Does Proof of Reserves guarantee your funds are safe?
To increase transparency, exchanges are adopting Proof of Reserves (PoR) standards. Despite its security, PoR shows only assets held, not liabilities, so it is not a complete measure of solvency risk. Is it reliable?
To increase transparency, exchanges are adopting Proof of Reserves (PoR) standards. Despite its security, PoR shows only assets held, not liabilities, so it is not a complete measure of solvency risk. Is it reliable?
In light of ongoing issues surrounding the security of users' funds, we believe it is important for the industry to assess its successes and shortcomings. To this end, the adoption of the Proof of Reserves (PoR) standard is seen as a vital step forward. PoR is a cryptographic method used by exchanges to demonstrate the amount of on-chain funds they hold. This allows users to independently verify an exchange's solvency, without needing to rely on third-party auditors or accounting reports.
It is important for both institutional and retail investors to have access to assets that they cannot self-custody. Some people believe that having more transparency is better than having none at all, even if proof of reserves doesn't offer the same level of transparency as blockchain-based platforms that don't require custody. While users may feel more secure seeing proof of reserves, this only provides an overview of the assets held at the platform's addresses without revealing any of the company's liabilities. In fact, proof of reserves only shows the number of assets held by the platform, which is not enough to determine the true level of solvency risk.

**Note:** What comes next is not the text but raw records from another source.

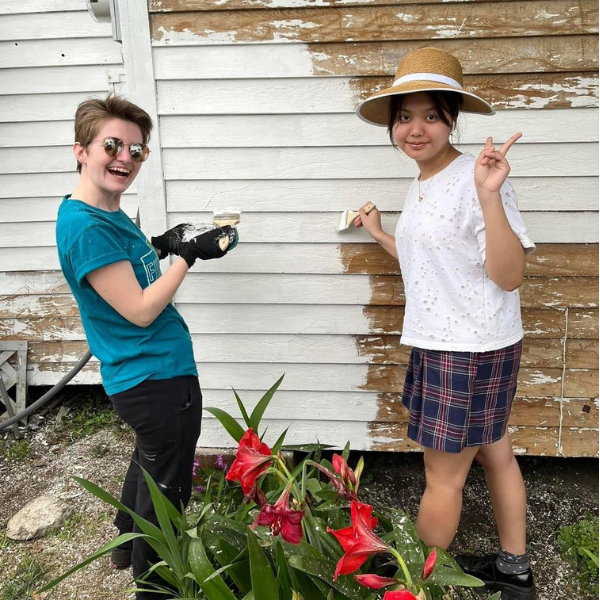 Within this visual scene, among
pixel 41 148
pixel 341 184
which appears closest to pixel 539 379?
pixel 341 184

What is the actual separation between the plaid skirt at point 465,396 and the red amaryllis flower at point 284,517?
0.72 m

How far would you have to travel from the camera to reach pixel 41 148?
11.3ft

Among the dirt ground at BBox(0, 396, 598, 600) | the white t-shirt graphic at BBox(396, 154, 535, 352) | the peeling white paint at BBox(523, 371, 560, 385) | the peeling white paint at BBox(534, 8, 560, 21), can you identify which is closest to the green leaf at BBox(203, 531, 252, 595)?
the dirt ground at BBox(0, 396, 598, 600)

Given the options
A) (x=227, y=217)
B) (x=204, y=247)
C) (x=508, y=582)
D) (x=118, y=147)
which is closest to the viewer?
(x=118, y=147)

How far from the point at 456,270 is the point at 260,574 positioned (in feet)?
3.32

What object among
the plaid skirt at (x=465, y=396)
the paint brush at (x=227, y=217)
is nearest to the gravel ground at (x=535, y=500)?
the plaid skirt at (x=465, y=396)

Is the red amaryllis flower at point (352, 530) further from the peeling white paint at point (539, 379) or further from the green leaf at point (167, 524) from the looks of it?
the peeling white paint at point (539, 379)

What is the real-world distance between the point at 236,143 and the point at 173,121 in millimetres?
272

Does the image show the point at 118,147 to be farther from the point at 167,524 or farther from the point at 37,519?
the point at 37,519

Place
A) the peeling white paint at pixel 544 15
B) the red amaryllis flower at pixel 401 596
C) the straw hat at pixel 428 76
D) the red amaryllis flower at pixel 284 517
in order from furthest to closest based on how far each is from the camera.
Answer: the peeling white paint at pixel 544 15, the straw hat at pixel 428 76, the red amaryllis flower at pixel 284 517, the red amaryllis flower at pixel 401 596

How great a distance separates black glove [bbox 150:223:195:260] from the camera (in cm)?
231

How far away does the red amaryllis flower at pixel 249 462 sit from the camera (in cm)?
133

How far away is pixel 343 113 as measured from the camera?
2404 mm

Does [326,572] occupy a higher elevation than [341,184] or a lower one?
lower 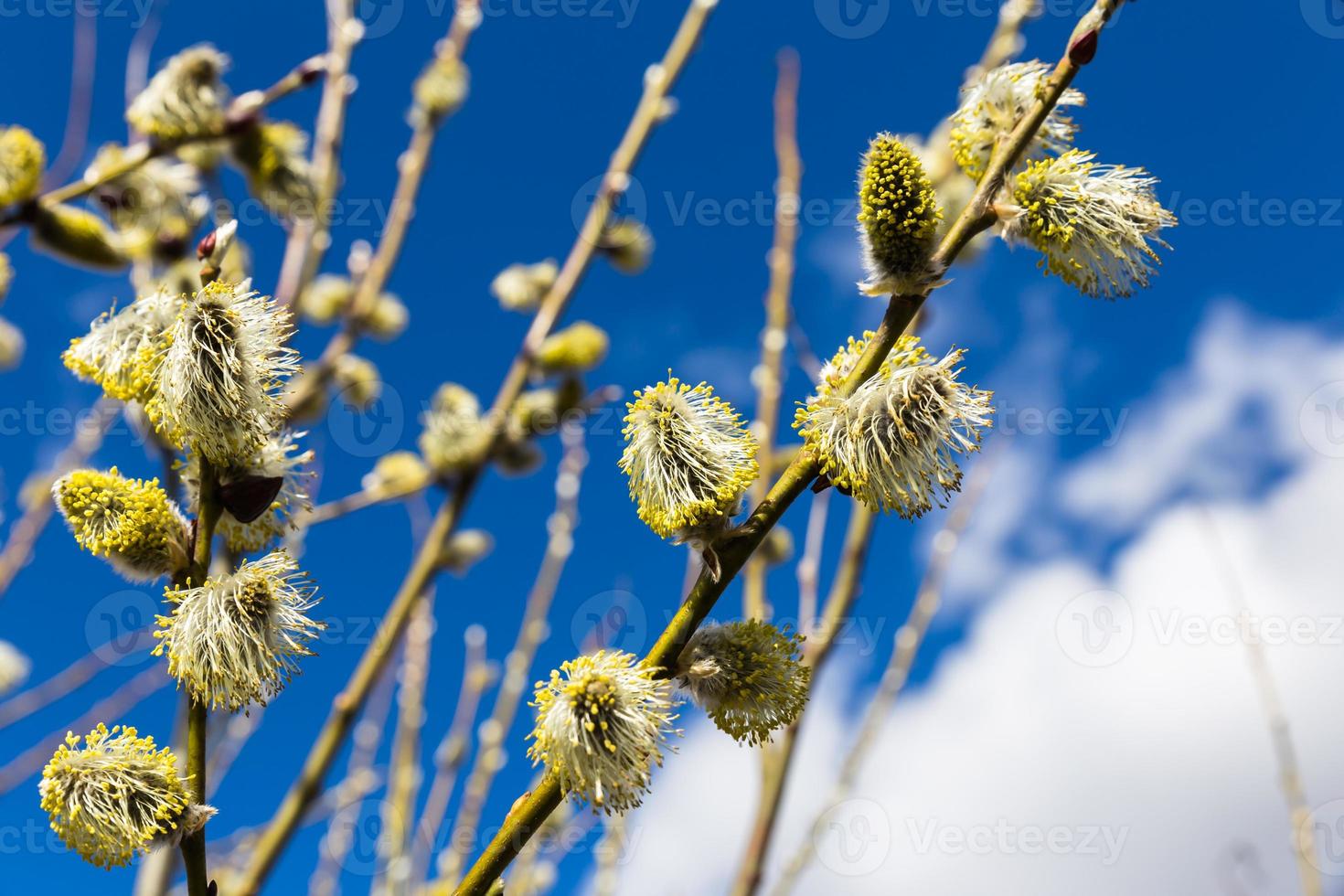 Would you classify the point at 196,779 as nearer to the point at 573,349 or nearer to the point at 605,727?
the point at 605,727

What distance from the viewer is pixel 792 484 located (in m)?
1.05

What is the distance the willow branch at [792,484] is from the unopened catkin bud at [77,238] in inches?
60.3

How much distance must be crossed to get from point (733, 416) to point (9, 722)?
2.10m

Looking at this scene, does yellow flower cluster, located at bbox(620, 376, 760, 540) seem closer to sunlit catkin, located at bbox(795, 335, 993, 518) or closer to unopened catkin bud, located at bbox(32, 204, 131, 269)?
sunlit catkin, located at bbox(795, 335, 993, 518)

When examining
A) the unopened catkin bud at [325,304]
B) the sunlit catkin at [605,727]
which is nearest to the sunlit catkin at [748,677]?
the sunlit catkin at [605,727]

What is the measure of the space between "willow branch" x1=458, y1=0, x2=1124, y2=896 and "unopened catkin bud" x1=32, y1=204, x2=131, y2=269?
1.53 m

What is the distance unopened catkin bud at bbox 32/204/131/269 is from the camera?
187 centimetres

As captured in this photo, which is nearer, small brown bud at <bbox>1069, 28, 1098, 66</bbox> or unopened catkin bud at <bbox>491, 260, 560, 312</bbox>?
small brown bud at <bbox>1069, 28, 1098, 66</bbox>

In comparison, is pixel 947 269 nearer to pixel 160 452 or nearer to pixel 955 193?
pixel 160 452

To ensure solvency, having Proof of Reserve is not enough. We also require a Proof of Liability (PoL) to guarantee the total amount of all account balances. For any crypto exchange, a comprehensive auditing process can benefit from the transparent properties of blockchain, which cryptographically prove that they have enough funds on-chain to match their liability. Once Proof of Reserve is established, an exchange can reveal its wallet addresses, giving us a clear indication of its holdings and proof of ownership. Binance's latest Commitment to Transparency is a perfect example of this.
The Real Challenge
The challenge of proving liability can be difficult. However, there is a solution that was proposed prior to the Mt. Gox bankruptcy in 2014 that is still relevant today. The solution involves a Merkle tree construction which allows users to verify that their account balance is included in the liability published by the exchange. When more users confirm their proof, the likelihood of the total liability being correct increases. To prove that your account balance is included in the Merkle proof, you must hash two nodes at each level of the tree. Initially, you only have one hashed account balance plus ID. The other hashes must be provided to enable users to reach the root.
An Example
In this liquidity proof, Merkle summation trees are utilized. To avoid complicating matters with technical terms, let's examine an instance where there are four account IDs, each holding a certain amount of ETH- Alice (50), Bob (100), Charlie (150), and David (200).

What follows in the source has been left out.